Bostock arose from undisputed discrimination against gay and transgender employees in three different states. Clayton County Georgia fired Gerald Bostock, a national-award-winning child welfare advocate, for conduct “unbecoming” of a county employee after influential members of the community discovered that he participated in a gay recreational softball league. After lower courts reached conflicting opinions, the Supreme Court elected to hear Bostock’s case, as well as two companion cases involving discrimination against gay and transgender employees, respectively. The employers conceded that they had discriminated on the basis of sexual orientation or sexual identity but argued that the Act did not prohibit that form of discrimination.

The Act itself deserves a brief pause to frame Bostock. Few pieces of legislation, if any, touch more aspects of American life. The Act protects voting rights. It prohibits racial segregation in schools. And it outlaws discrimination in employment and public accommodations. Having survived multiple constitutional challenges since its adoption, the Act stands as a pillar of American anti-discrimination law, protecting against both public and private discrimination.

Otten Johnson supports the Bostock ruling and equity for all LGBTQ+ people, people of color, and other historically disadvantaged and marginalized communities.

 

Specifically with respect to employment, Title VII of the Act prohibits employment discrimination “because of [an] individual’s race, color, religion, sex, or national origin.” Importantly, as the Court in Bostock explains, “because of” has been construed to prohibit discrimination that is based in part on the person’s race, color, religion, sex, or national origin; it doesn’t matter if other factors contributed to the adverse employment action.

The question in Bostock was whether Title VII’s prohibition on sex discrimination proscribes discrimination on the basis of a person’s sexual orientation or gender identity.

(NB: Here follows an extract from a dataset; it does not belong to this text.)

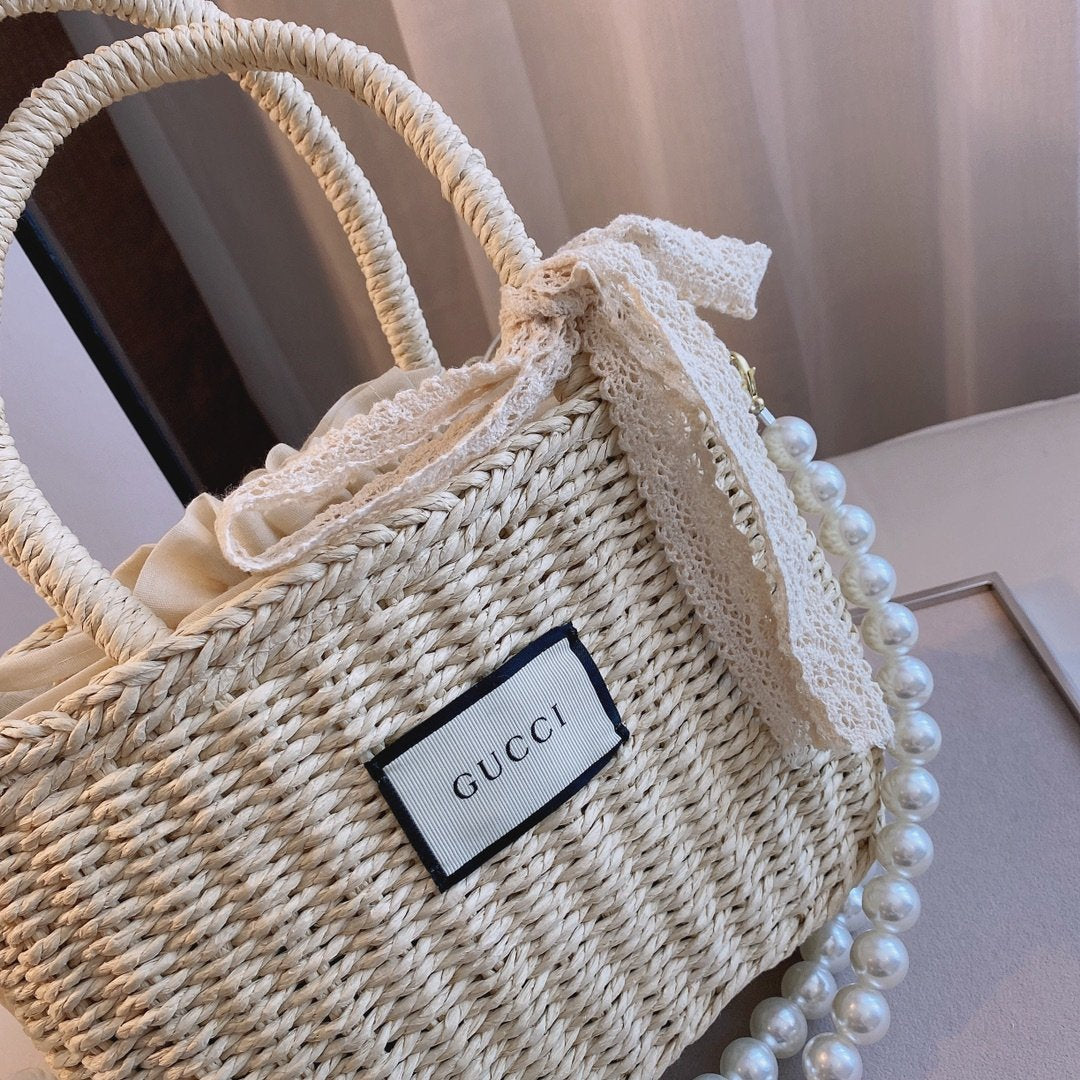 Gucci Designer Handbag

The Court concluded that it does. Title VII’s prohibition on sex discrimination, the Court reasoned, logically included these other forms of discrimination because they required discrimination “because of” sex, precisely what Title VII forbids. The Court’s own example makes the point. Suppose two employees are both attracted to men. At a discriminatory workplace, it’s impossible to say whether that constitutes a fireable offense—at least not without one more piece of information: the employee’s sex. A female employee attracted to men keeps her job. An otherwise identical male employee attracted to men is fired. Or, stated more succinctly, if both Bob and Hannah love Steve and only Bob is fired for it, it’s the employee’s sex that makes all the difference. And that, the Court concluded, is discrimination “because of” sex.

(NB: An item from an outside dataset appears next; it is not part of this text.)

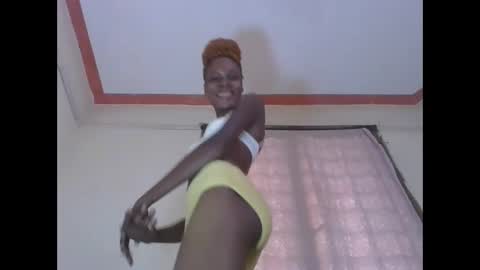 ESTHER online show from 02/18/26, 02:57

The Court likewise determined the same was true for transgender discrimination. If an employee is identified as a male at birth, then later identifies as a female, and her employer fires her despite retaining an otherwise identical employee who was identified as female at birth, then, the Court explained, “sex plays an unmistakable and impermissible role” in the decision.

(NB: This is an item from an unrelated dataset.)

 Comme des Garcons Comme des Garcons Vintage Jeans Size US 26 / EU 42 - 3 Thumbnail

Under both scenarios, the Court concluded, the employer violates Title VII because it intentionally fires an individual employee based in part on sex—even if the employer did not intend to treat men and women more or less favorably as a group, even if other factors played a role in the adverse employment action, and even if Congress hadn’t anticipated that Title VII would prohibit this form of discrimination. The Court made it clear that its holding involved “no more than the straightforward application of legal terms with plain and settled meanings” and that discrimination on the basis of sexual orientation or sexual identity is, and always has been, unlawful under Title VII.

Otten Johnson supports the Bostock ruling and equity for all LGBTQ+ people, people of color, and other historically disadvantaged and marginalized communities.